Because its goverment money, they are a bit loose with it. When we do a seminar, we charge double rate (full days top-whack pay for a half day out), and we are being PAID to do a sales pitch to a roomful of prospects that someone else has booked and qualified! Even if you dont get direct sales out of it, you often make useful contacts (new designers or partner companies, referrers, someone from another Chamber etc who want you to do the same for them)
Just dont start on my patch ;)
>>you could end up inadvertently insulting the CEO's "web-design genius" grandson, who built the site at the incredible age of 9.
>If you're dealing in small company sites, this IS more prevalent than you would think.
and often less of a problem than you might think...I got a fair amount of business that way when I was starting out...it doesn't take long before a small company realises they like having a web site, but would like it even more if it wasn't totally unusable
:) Whenever I visit a company I ask to use their restroom. Although I rarely get to see anyone of importance, I am never refused this meager request. I put my sales literature in each of the "stalls", sometimes with items circled in pen with comments such as "good - let's check them out". :)
:) I have a captured audience that, more times than not, read whatever is available within "hand's reach". In my hometown you can visit any restroom, at any time, in any stall and find either my business card or sales literature.
items circled in pen with comments such as "good - let's check them out".
Reminds me of the job hunting tip I once saw... get some of those neon circle or 'marker' stickers, and stick it to your resumé. If more than 1 person looks at incoming resumés, persons #2, 3, etc., may be tricked into thinking, "Hey, So-and-So must've thought this one was worth marking up!"

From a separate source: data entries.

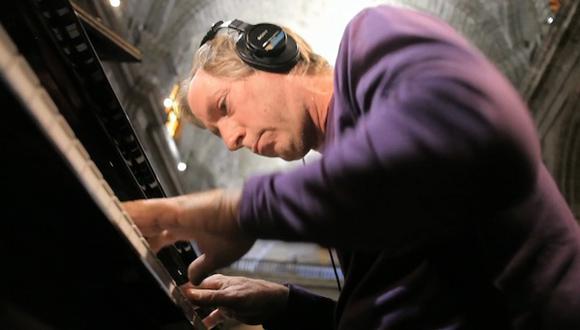 Ernán López-Nussa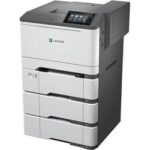 Lexmark CS632dwe recenze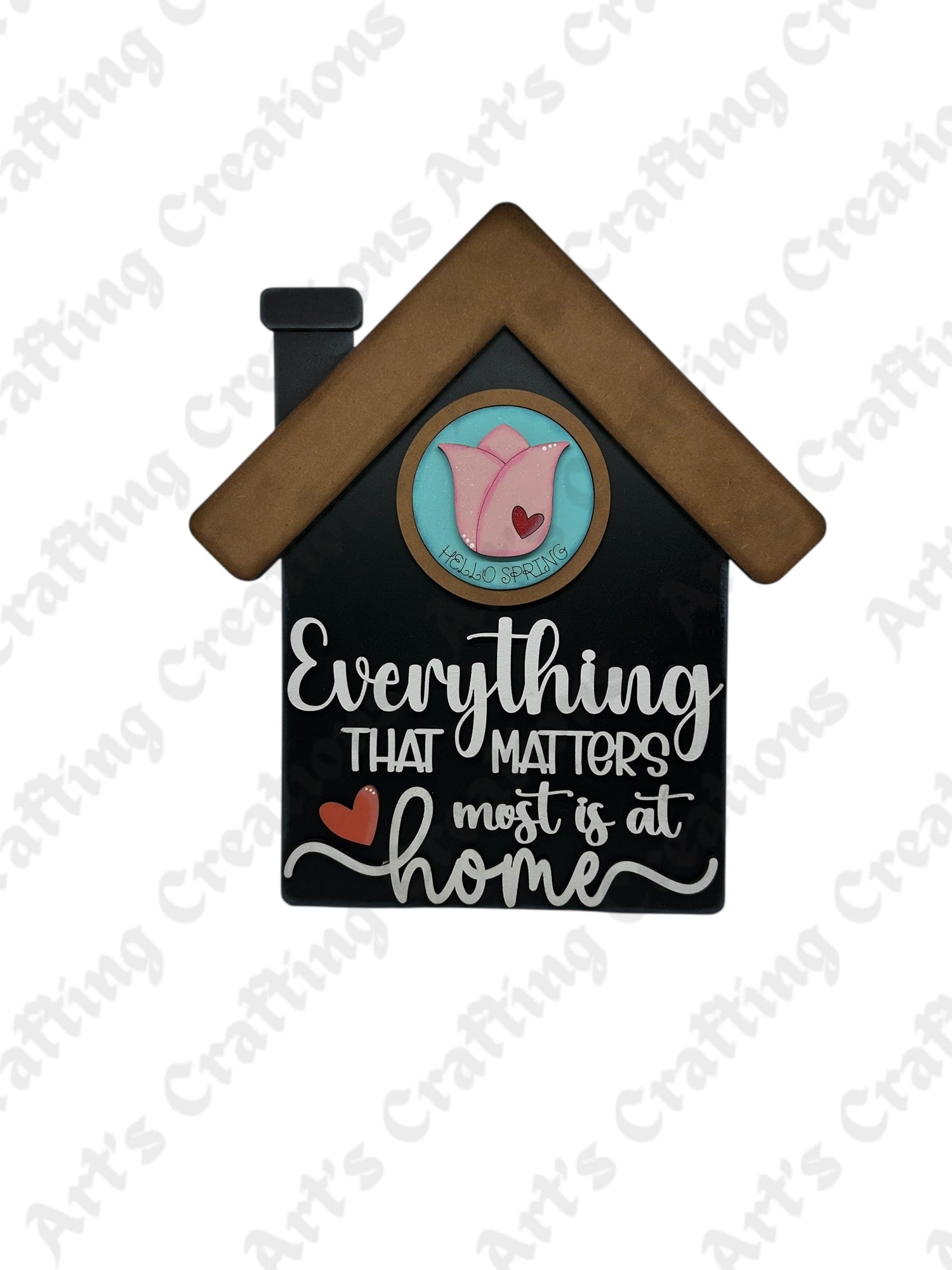 3" Round Interchangeable Bases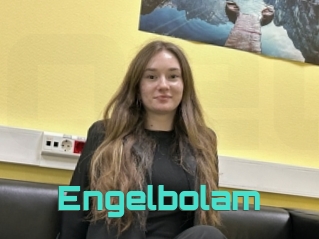 Engelbolam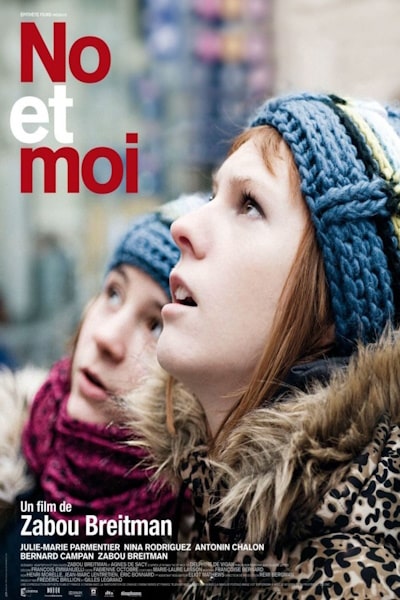No and Me (No et moi)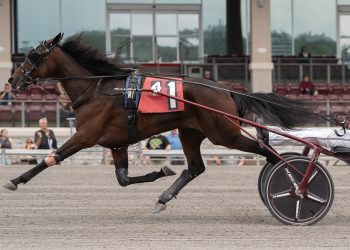 2YO fillies battle it out in PASS splits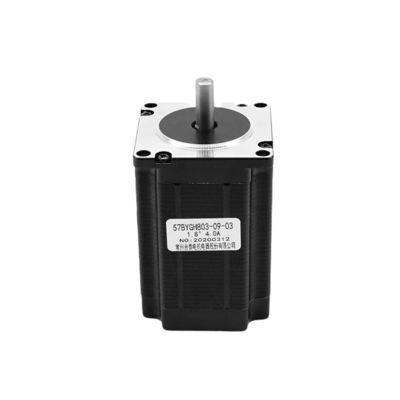 Buy 3.2v 4 Wire 57byg Stepper Motor 1.8 Degree 18.9 Kg Cm 57BYGH803-09-03 online manufacture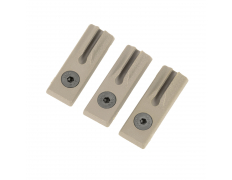 Кабельный зажим (WADSN) Emissary Development Cable Clip (3 шт.) DE
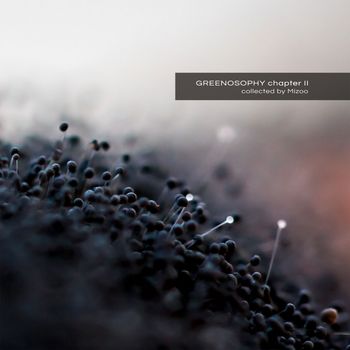 Various Artists - Greenosophy, Pt. 2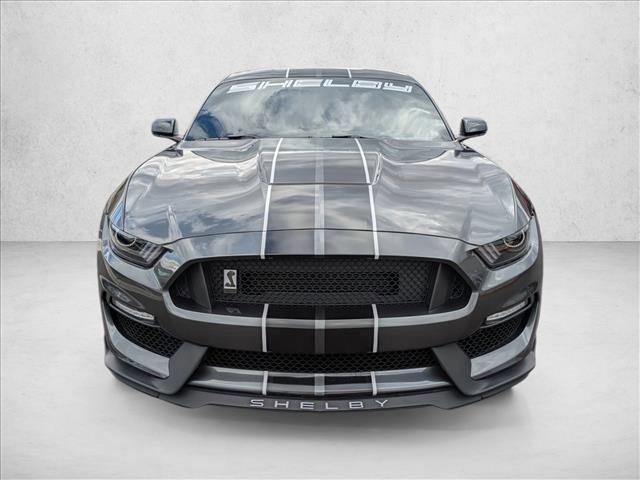 used 2020 Ford Shelby GT350 car, priced at $71,841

Seems like your method is less likely to be 'found out' though. :)
Have you considered sending out a press release "launching" your business? If done correctly, it can really boost your business inquiries and/or sales.
>I put my sales literature in each of the "stalls", sometimes with items circled in pen with comments >such as "good - let's check them out".
Help me understand, Nell...
You write on the bathroom walls?
A friend of mine with a computer consulting firm is using Candy with their URLs on the paperwrap.
They give each consultant a box of candy to have and makes sure that they are always filled up.
At one special occassion they sponsored a big meeting for some hundred people with cakes. All cakes had the url clearly written over it. They could see the increase in url-activity shortly afterwards.
You write on the bathroom walls?
BWA-HA-HA! ::snif:: The truly savvy marketer never goes anywhere without his/her Sharpie marker! :)
I suppose a nice, bold message on the inside of the stall door might be even more eyecatching than a regular brochure or business card sitting on the back of the toilet... maybe not the image you want to portray though. You'd really need to bring in a company logo stencil and some spray-paint to attain truly "polished" bathroom wall branding.
Oh no, not toilet humour!!!! One thing I thought of doing was making a special "Business SEO package" similar to normal SEO, just costing massive amounts of money. There's always some show off who wants to pay big money. Then one client = 25! :) Perfect!